KickStart trains private sector manufacturers to mass-produce the tools, and uses innovative marketing techniques to sell them to entrepreneurs in poor communities through a network of local retail shops. Because 80% of the poor in Africa are rural farmers, KickStart’s best-selling devices are MoneyMaker micro-irrigation pumps.
These simple, human-powered pumps enable farmers to start small businesses that grow and sell high-value fruits and vegetables throughout the year. They can recover their investment in three months, make on average $1,100 in profits per year, and increase their net farm incomes by up to 1,000%. KickStart’s micro-irrigation pumps have been identified as one of Newsweek’s “Ten Inventions That Will Change Your World." As of September 2011, 188,000 micro-irrigation pumps have been sold, 125,000 enterprises have been created and 625,000 people have been lifted out of poverty.

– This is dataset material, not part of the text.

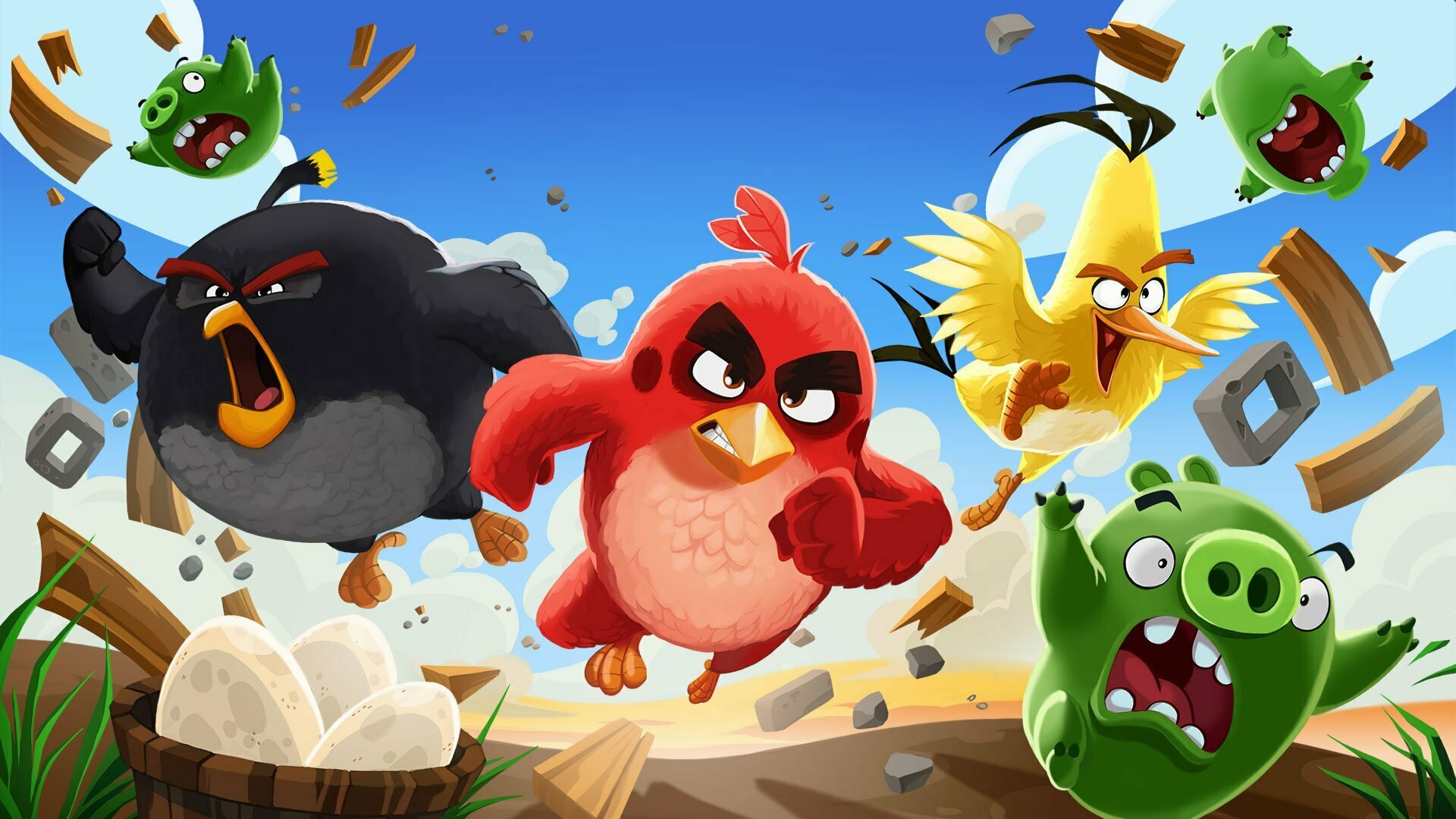 آیا امتیاز شرکت سازنده‌ی بازی Angry Birds به فروش می رسد؟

Every month more than 1,600 new businesses are created, which generate new revenue equivalent to more than 0.6% of Kenya's GDP and 0.25% of Tanzania’s GDP. With a 15:1 return on investment, every $1 donated results in $15 in new profits and wages for the small businesses. KickStart seeks to develop a significant middle class in Africa by stimulating the growth of a thriving entrepreneurial sector. Beginning with Kenya and Tanzania, then in Mali and Burkina Faso, and now in Malawi and Zambia it seems well on its way to attaining that goal.